Auch an grauen Herbsttagen zieht das Denkmal für die im Nationalsozialismus ermordeten Sinti und Roma Europas auf einer Lichtung im Berliner Tiergarten zahlreiche Besucher an. Einzelne Touristen und Paare machen Handy-Fotos des Wasserbeckens mit einer steinernen Stele, auf der stets eine frische Blume liegt.
Ein ständig sich verändernder Geigenton als Teil des Ortes lässt rund um das Denkmal keine Ferienstimmung aufkommen. Am zehnten Jahrestag der Übergabe des Denkmals wird am 24. Oktober im Beisein von Bundespräsident Frank-Walter Steinmeier eine ergänzende Zusatzausstellung eingeweiht.
Geschichte der Verfolgung
Auf Glasplatten neben dem Wasserbecken lesen Besucher die Geschichte der Verfolgung der Minderheit während des Nationalsozialismus. In der Ergänzungsausstellung werden neun Schicksale einzelner Opfer erzählt. Daneben soll sie Informationen über die europaweite Dimension des Völkermords, den Widerstand, die Situation der Überlebenden nach dem Krieg sowie Bürgerrechtsbewegungen der Roma und Sinti geben.
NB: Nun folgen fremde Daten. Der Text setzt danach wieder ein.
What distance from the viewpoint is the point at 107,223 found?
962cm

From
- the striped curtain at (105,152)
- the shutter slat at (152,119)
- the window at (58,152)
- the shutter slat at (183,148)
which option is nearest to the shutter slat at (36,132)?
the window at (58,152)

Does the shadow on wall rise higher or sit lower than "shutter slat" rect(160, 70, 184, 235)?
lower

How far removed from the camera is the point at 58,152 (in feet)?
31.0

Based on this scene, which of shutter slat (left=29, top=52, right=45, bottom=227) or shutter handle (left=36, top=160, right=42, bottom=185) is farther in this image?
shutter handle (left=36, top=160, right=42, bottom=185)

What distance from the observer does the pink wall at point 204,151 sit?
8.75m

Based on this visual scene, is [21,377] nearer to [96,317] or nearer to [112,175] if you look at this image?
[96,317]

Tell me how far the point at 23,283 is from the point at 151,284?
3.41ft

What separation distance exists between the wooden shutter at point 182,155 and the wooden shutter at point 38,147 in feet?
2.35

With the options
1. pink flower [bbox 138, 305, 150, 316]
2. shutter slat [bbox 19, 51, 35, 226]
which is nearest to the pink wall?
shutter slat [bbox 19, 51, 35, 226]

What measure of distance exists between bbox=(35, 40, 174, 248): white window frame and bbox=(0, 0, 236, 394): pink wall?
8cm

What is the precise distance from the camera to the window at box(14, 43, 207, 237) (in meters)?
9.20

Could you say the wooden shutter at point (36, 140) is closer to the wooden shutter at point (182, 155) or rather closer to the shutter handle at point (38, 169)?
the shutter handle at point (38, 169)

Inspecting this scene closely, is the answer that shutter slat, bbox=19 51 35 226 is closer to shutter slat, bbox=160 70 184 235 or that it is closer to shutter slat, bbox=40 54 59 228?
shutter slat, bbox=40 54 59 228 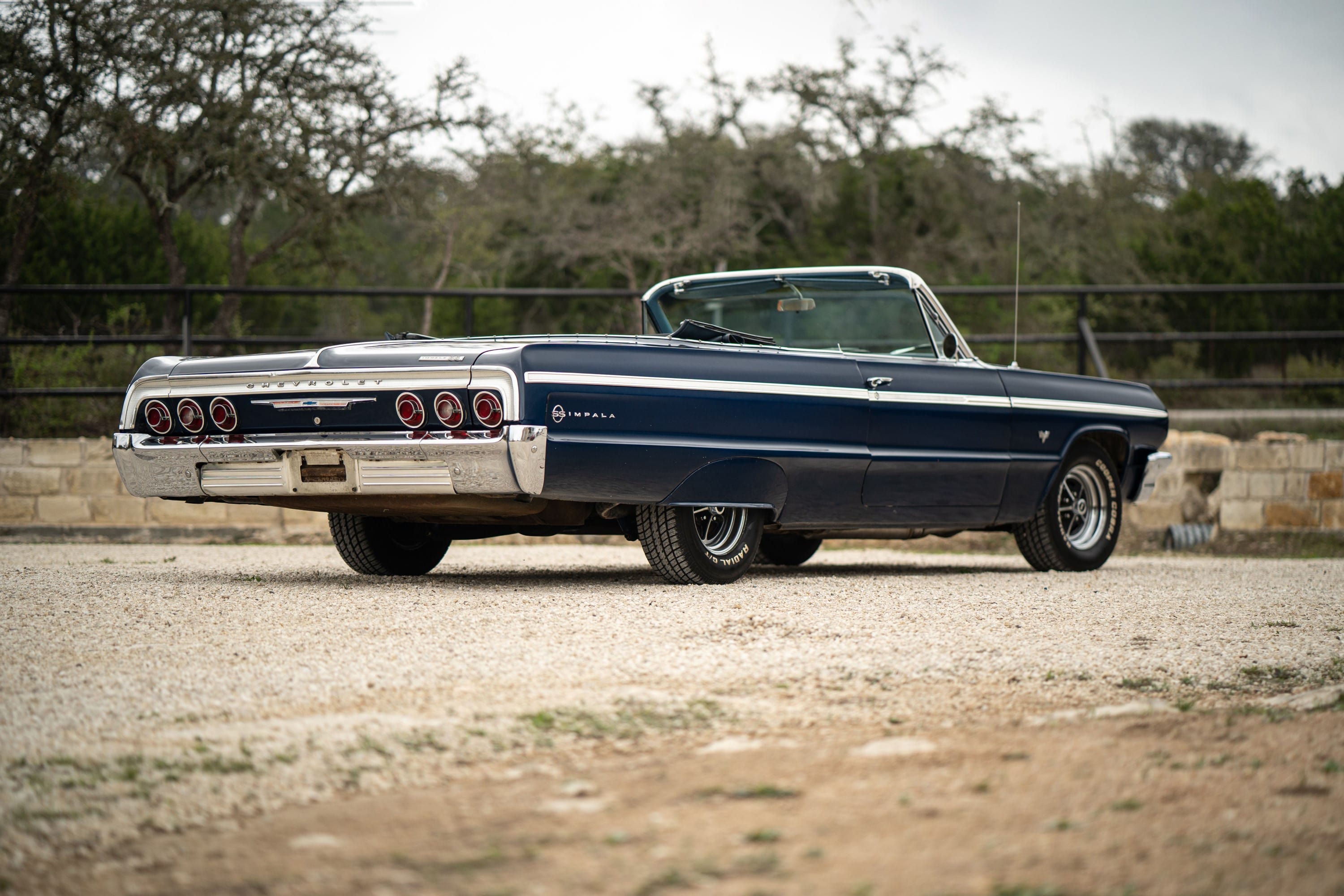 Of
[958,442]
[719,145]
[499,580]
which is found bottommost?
[499,580]

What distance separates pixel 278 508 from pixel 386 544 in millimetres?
4207

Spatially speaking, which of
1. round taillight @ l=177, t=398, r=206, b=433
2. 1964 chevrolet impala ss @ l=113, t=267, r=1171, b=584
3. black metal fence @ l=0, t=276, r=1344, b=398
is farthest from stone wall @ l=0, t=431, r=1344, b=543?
round taillight @ l=177, t=398, r=206, b=433

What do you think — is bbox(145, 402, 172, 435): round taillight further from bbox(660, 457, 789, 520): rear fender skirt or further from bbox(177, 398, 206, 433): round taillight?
bbox(660, 457, 789, 520): rear fender skirt

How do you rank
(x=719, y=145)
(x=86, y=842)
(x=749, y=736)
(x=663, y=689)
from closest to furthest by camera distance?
1. (x=86, y=842)
2. (x=749, y=736)
3. (x=663, y=689)
4. (x=719, y=145)

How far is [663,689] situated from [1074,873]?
1613mm

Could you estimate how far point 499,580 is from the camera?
6727mm

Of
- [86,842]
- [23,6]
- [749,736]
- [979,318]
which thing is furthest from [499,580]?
[979,318]

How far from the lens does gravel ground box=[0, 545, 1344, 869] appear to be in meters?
2.95

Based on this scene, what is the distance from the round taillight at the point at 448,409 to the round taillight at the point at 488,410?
62mm

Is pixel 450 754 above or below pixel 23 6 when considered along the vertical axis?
below

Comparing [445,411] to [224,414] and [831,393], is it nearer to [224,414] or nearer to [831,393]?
[224,414]

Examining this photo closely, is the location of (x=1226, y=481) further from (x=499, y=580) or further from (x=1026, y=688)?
(x=1026, y=688)

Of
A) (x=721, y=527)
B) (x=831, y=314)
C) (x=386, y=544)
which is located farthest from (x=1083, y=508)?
(x=386, y=544)

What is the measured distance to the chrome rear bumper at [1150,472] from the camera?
8172 millimetres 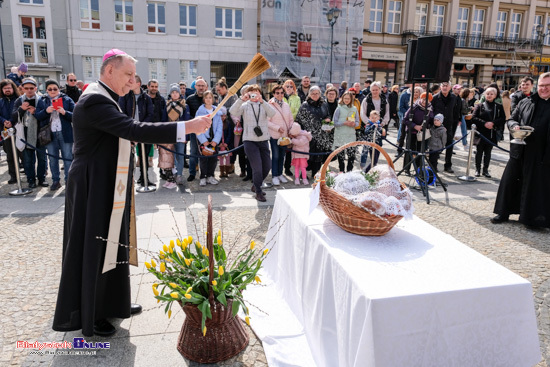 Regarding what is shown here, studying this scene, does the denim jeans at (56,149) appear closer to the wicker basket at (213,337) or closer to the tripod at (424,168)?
the wicker basket at (213,337)

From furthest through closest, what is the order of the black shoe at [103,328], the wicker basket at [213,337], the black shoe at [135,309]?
the black shoe at [135,309], the black shoe at [103,328], the wicker basket at [213,337]

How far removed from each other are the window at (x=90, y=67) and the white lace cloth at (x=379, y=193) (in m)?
24.1

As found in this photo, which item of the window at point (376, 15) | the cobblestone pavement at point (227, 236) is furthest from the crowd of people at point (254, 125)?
the window at point (376, 15)

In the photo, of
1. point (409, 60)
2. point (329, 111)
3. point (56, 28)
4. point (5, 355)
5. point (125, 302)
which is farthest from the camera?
point (56, 28)

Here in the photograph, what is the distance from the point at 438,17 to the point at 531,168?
92.1ft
Die Funktionsweise des Denkmals mit dem unterirdischen Tunnel, über den stets frische Blumen auf die Stele gelegt werden, und dem Geigenton sehen Verbände von Sinti und Roma durch geplante Bauarbeiten für eine neue S-Bahnlinie bedroht. Der Vorsitzende des Zentralrats deutscher Sinti und Roma, Romani Rose, signalisierte mittlerweile Gesprächsbereitschaft über einen veränderten Entwurf. Sinti und Roma könnten sich als Teil der Gesellschaft einem so wichtigen Projekt nicht in den Weg stellen, sagte Rose zur geplanten unterirdischen S-Bahnlinie.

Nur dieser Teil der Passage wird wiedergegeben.